De fato, não se pode exigir do empregador uma infraestrutura tal qual a urbanizada, visto que isso é função do poder público, porém, a falta de estruturas mínimas não deve servir de artificio para que ele se utilize dessas falhas e submeta seus trabalhadores a condições indignas. Se o empregador latifundiário não tem condições de oferecer ambiente de trabalho digno aos seus empregados, o mesmo não deve se valer do recrutamento para submetê-los a situações subumanas e de constantes ameaças nas suas terras, ainda que os trabalhadores estivessem em situação de vulnerabilidade social ocasionada pela pobreza. O empregador não tem o condão de reverberar ainda mais essa vulnerabilidade no ambiente laboral, tolhendo a capacidade do indivíduo de se desfazer do estado de miserabilidade. Infelizmente, na sentença 2009.39.01.000519-0, o magistrado entende que “não se afigura razoável exigir do empregador a construção de alojamentos e instalações sanitárias no meio do mato, a fim de abrigar trabalhadores que ali permanecerão por um curto espaço de tempo” (PARÁ, 2014B:6).

Ressalte-se que o fato de cidadãos pobres e humildes aceitarem a indigna sujeição a tal tipo de condições – o que fazem em razão da absoluta falta de alternativa para garantia da própria subsistência – não autoriza a outrem, valendo-se da privilegiada posição de empregador e possuidor do poder econômico, literalmente lucrar com a miséria e desgraça alheias.

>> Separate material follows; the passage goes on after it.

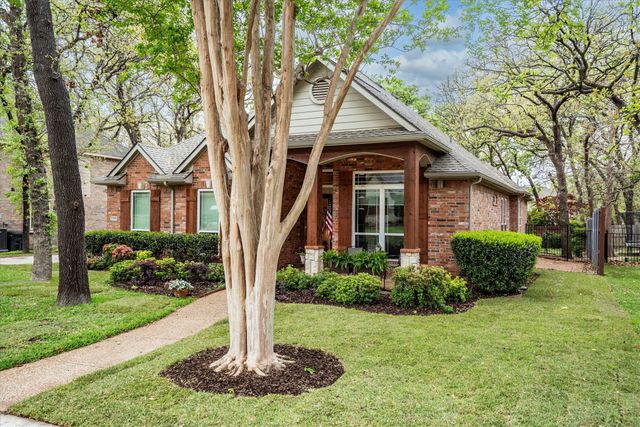 3012 Hidden Springs Drive, Corinth, TX 76210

 Nos excertos extraídos da sentença 2008.39.01.001483-2, resta evidente que os empregadores se eximem da responsabilidade pelo ambiente de trabalho, logicamente que esse sentimento, advém da impunidade reprodutora do ciclo da escravidão. Nesse sentido, se torna oportuno transcrever os seguintes depoimentos:

Na casa foram encontradas armas e um caderninho de anotações com as dívidas que os trabalhadores faziam no sistema de barracão, que tinham alimentos e inclusive bebidas alcóolicas, mas depois nós ficamos sabendo que as bebidas alcóolicas eram fornecidas gratuitamente pelo proprietário da fazenda (…) eles tinham saído de lá (fazenda) porque tinha batido um vento muito forte e tinha desmanchado o barracão e aí teve outra frase que se tornou emblemática (…) quando o trabalhador foi lá com o proprietário da fazenda e ele lhe disse : “peão é igual a bicho do mato, e eu é que não vou dar hotel cinco estrelas para peão. [Grifo nosso] (PARÁ, 2013C: 4)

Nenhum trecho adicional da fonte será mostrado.